国際化を求める声が高まり、教育や企業の現場で“英語公用語”化が進んでいる。だが日本国内で仕事や生活をしている以上、どこかで英語を日本語に訳す必要が生じよう。一方、日本製コンテンツの輸出に期待する動きもあり、こちらは逆に日本語からの翻訳が不可欠だ。しかし、英語と日本語の間の翻訳は、そもそもどこまで、どのように可能なのか。
牧野成一『日本語を翻訳するということ』(中公新書)は日本語学の碩学が翻訳の可能性と限界を理論的かつわかりやすく実証的に示す。
たとえば日本語では同じ言葉でも、ひらがなで表記されれば親しみを感じ、漢字、カタカナの順でよそよそしさが強まる。こうした文字による印象の違いは外国人には理解しにくいし、一通りの文字体系しかない英語に直訳するとニュアンスの違いが消失してしまうので、必要に応じて補ってやらなければならない。
鴻巣友季子『翻訳ってなんだろう?』(ちくまプリマー新書)は、翻訳家の著者がカルチャースクール等で実施した講義内容を凝縮させた一冊。そこで翻訳家に必要な資質として、異文化に対する知識と興味、不明点を放置しないリサーチ力が挙げられている。確かにそれらが伴ってこそ、たとえば日本語と英語の文字体系の違いに基づく翻訳不可能性のような言語レベルでの困難を超えてゆく道が開かれるのだろう。
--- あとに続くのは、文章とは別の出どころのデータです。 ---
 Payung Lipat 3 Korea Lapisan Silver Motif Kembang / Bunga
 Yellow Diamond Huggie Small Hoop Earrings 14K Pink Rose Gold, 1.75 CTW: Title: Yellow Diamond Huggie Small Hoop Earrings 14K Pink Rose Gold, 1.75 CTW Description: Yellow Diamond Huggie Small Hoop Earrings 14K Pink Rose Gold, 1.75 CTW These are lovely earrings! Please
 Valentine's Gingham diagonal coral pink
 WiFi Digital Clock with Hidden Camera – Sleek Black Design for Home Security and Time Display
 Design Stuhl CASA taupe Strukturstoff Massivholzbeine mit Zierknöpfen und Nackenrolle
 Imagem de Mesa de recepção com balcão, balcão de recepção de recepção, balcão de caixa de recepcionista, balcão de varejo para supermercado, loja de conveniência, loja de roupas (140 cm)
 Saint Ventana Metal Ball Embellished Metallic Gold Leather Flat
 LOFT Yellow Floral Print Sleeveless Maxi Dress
今回の三冊目は『漱石と朝日新聞』(朝日新書)。偉大な文豪は翻訳を考える時にも多くを教えてくれる。著者・山口謠司は正岡子規の写生文の考えが漱石の「目」を開かせ、国語学者・上田万年の言文一致主義がその「耳」を開かせたと指摘する。こうして話し言葉の音で見たままに書く近代日本文学の標準日本語を確立し、新聞メディアを通じて広めた漱石は、一方で英語論文や漢詩も自在に書ける稀代の国際的教養人だった。
つまり漱石は異文化に対する知識、興味、リサーチ力に富むという翻訳者に適した資質の持ち主であり、世界と触れつつ、自分の文学を鍛えることができた。そんな彼の文学を、困難を超えて訳そうとする翻訳家が現れ、結果として漱石作品は世界文学となってゆく。
こうした漱石の存在は国際化や翻訳を、ただ外国語の技術と考える浅薄さに気付かせてくれる。本コラムに引き寄せた言い方をすれば、新書のラインナップに示されるような幅広い教養を背景に踏まえられているかが、翻訳においても国際化であっても成否を分ける。そんな事情を忘れるべきではないのだろう。